Source material:
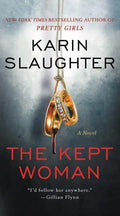 The Kept Woman: A Will Trent Thriller - Paperback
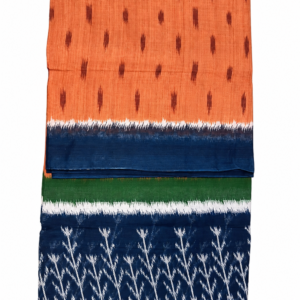 COTTON SAREES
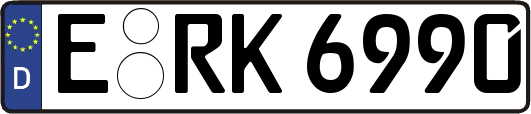 E-RK6990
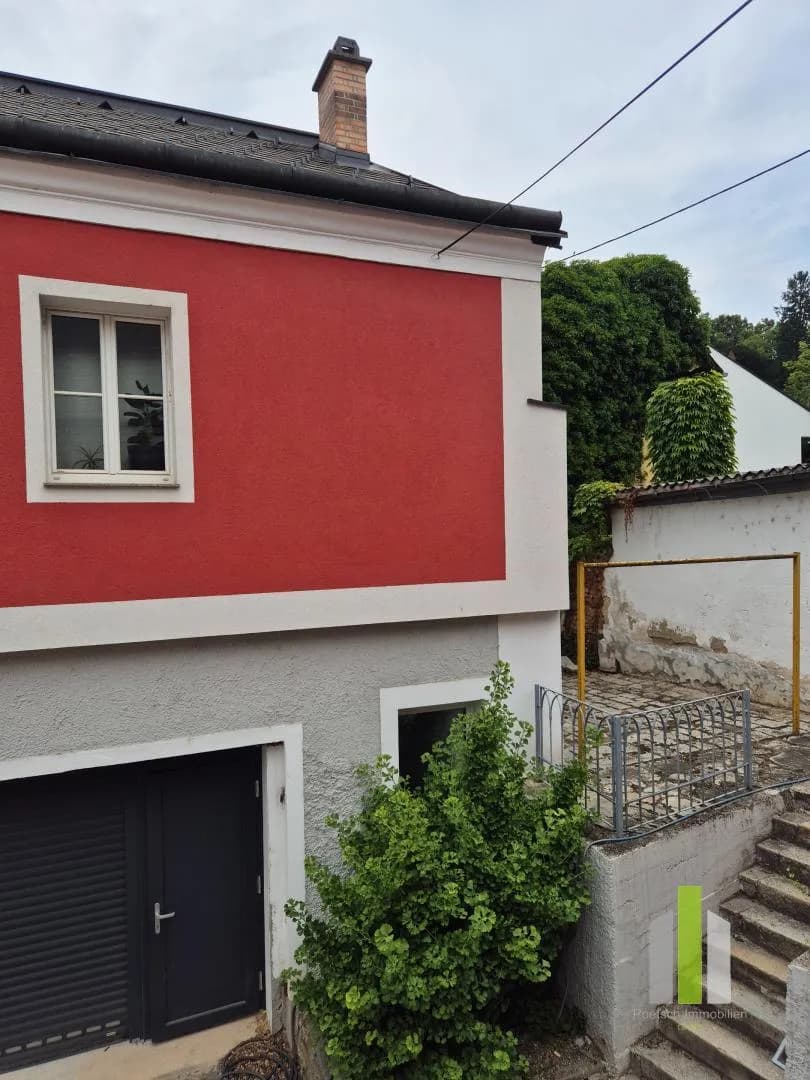 Gewerbeimmobilie kaufen in Perg – 794 m², € 1.180.000 – Bild 11 von 29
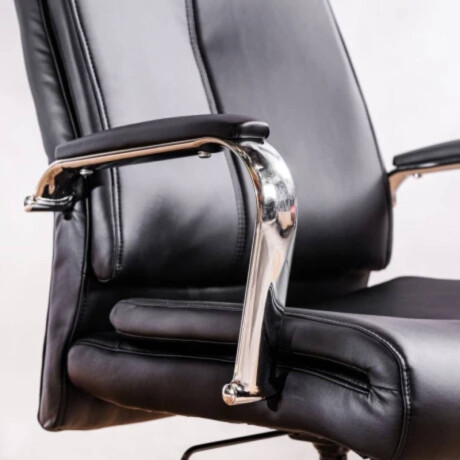 Silla De Oficina Zara Negro
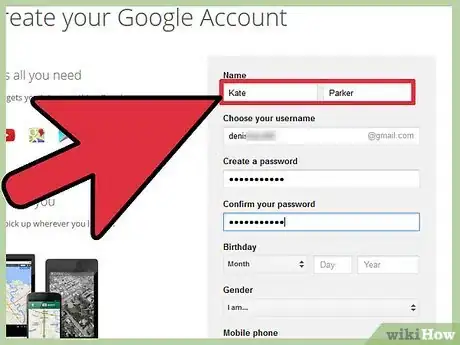 Image titled Make an E Mail Step 10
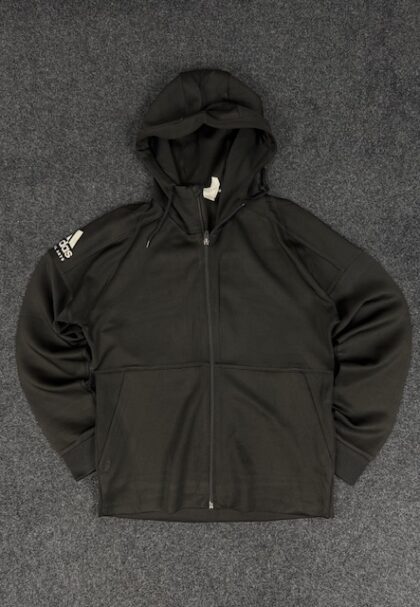 Adidas martial arts track jacket - MEDIUM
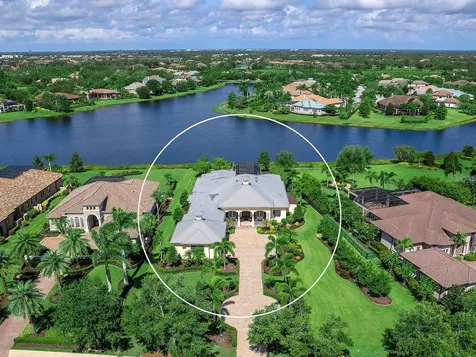 16336 Daysailor Trail Lakewood Ranch FL 34202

What the exercise asks: Everything in the records above is to be copied exactly, except the pictures.

Written solution:
 The Kept Woman: A Will Trent Thriller - Paperback
 COTTON SAREES
 E-RK6990
 Gewerbeimmobilie kaufen in Perg – 794 m², € 1.180.000 – Bild 11 von 29
 Silla De Oficina Zara Negro
 Image titled Make an E Mail Step 10
 Adidas martial arts track jacket - MEDIUM
 16336 Daysailor Trail Lakewood Ranch FL 34202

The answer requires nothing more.